Nel corso della sua vita, il frate insidiò numerose fanciulle. Scriveva il loro nome su un suo registro, dove annotava le conquiste amorose. Il frate si era ben inserito in tutta la società partenopea, frequentando sia la “Napoli bene” che i bordelli, le bische e persino loschi individui della camorra.

Dalle sue amanti si faceva chiamare con il nome di Mario e, di frequente, viveva fuori dal convento, alloggiando in una garçonniere a San Giovanni a Teduccio, in Corso Vittorio Emanuele 11, dove riceveva le sue numerose amanti.
Spesso e volentieri indossava abiti borghesi, eleganti e raffinati, e andava a trovare una sua prostituta preferita, tale Mimì D’Ambrosio, che risiedeva a Napoli, in via Chiatamone.

L’oratoria

Intanto, durante il suoi pellegrinanti trasferimenti nei conventi delle regioni di Umbria, Toscana, Lazio e Campania, celebrava messa.
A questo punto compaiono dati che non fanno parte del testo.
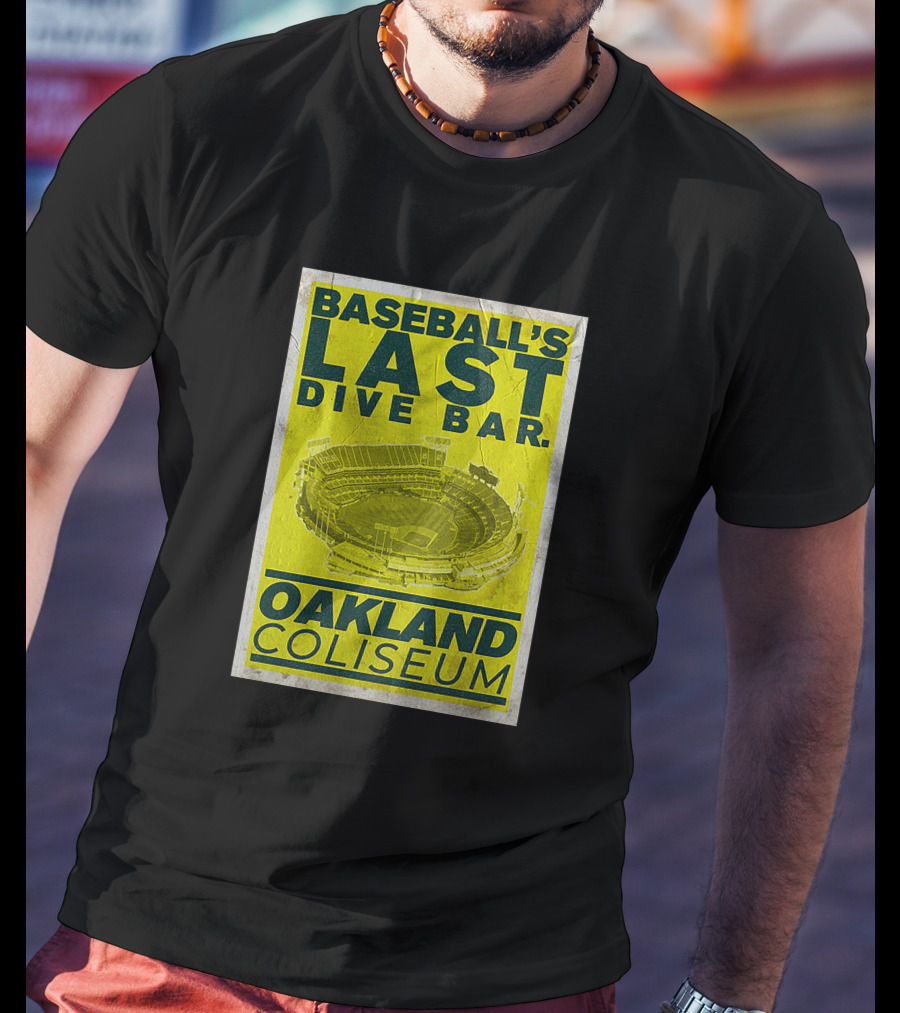 Baseball's Last Dive Bar Oakland Coliseum T-Shirt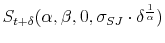  S_{t+\delta }(\alpha,\beta,0,\sigma_{SJ}\cdot\delta^{\frac{1}{\alpha}})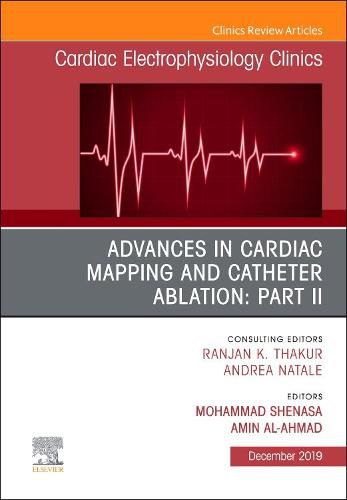 Cover image for Advances in Cardiac Mapping and Catheter Ablation: Part II, An Issue of Cardiac Electrophysiology Clinics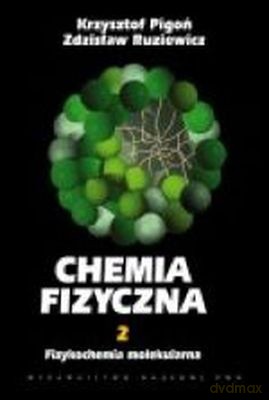 Chemia Fizyczna T. 2 Fizykochemia Molekularna /w.5zu/ - Krzysztof Pigoń Zdzisław Ruziewicz [KSIĄŻKA]
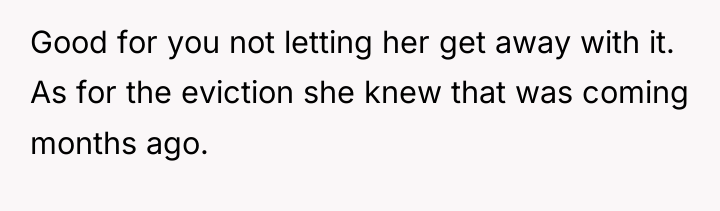 Good for you not letting her get away with it....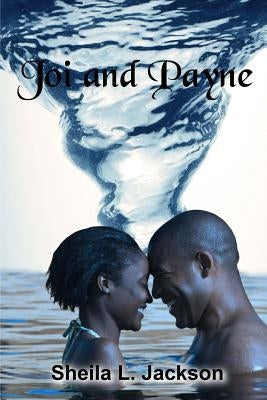 Joi and Payne by Jackson, Sheila L.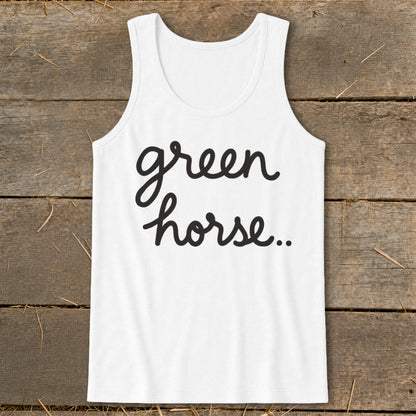 White tank top with "green horse..." in black cursive text.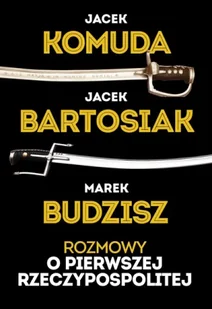 Rozmowy o Pierwszej Rzeczypospolitej - Jacek Bartosiak, Jacek Komuda, Marek Budzisz - Historia świata - miniaturka - grafika 1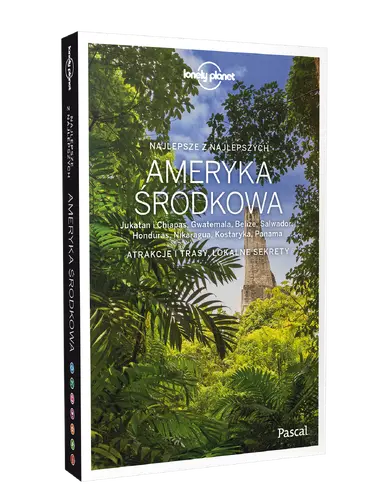 Okładka: Ameryka Środkowa: Jukatan i Chiapas, Gwatemala, Belize, Salwador, Honduras, Nikaragua, Kostaryka, Panama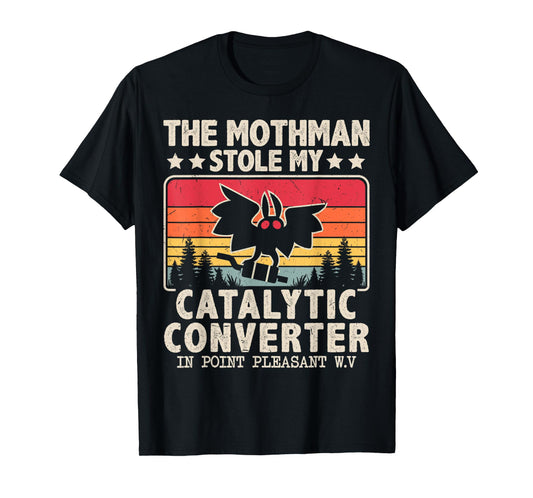 Funny Mothman Stole My Catalytic Converter Mothman Cryptid T-Shirt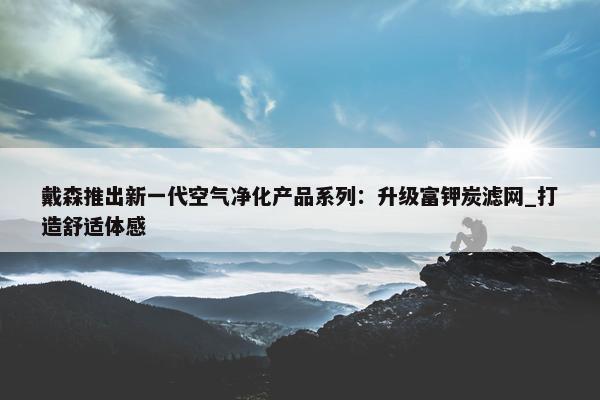 戴森推出新一代空气净化产品系列：升级富钾炭滤网_打造舒适体感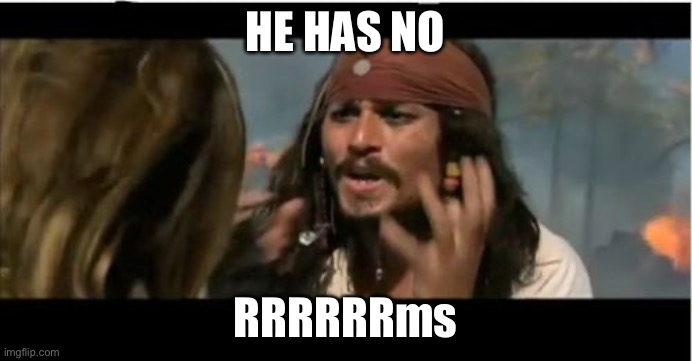 Why Is The Rum Gone Meme | HE HAS NO RRRRRRms | image tagged in memes,why is the rum gone | made w/ Imgflip meme maker
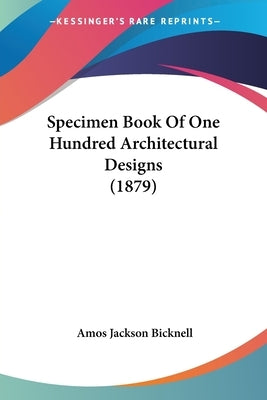 Specimen Book Of One Hundred Architectural Designs (1879) by Bicknell, Amos Jackson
E tra le sue numerose e discutibili prediche, fatte dal pulpito di Santa Romana Chiesa, ‘predicava volentieri’ giocando con alcuni argomenti:

La donna: «è stata creata dal buon Dio appunto per essere la compagna affettuosa dell’uomo, son cose che potete ascoltare senza arrossire. Anche voi, fanciulle, sarete amate da qualcuno desideroso di avere una buona e brava e onesta compagna che gli abbelli l’esistenza… E voi, uomini, amate la donna come la confortatrice dei vostri dolori, la fonte pietosa che con lacrime e carezze attutisce in voi le ire del mondo…».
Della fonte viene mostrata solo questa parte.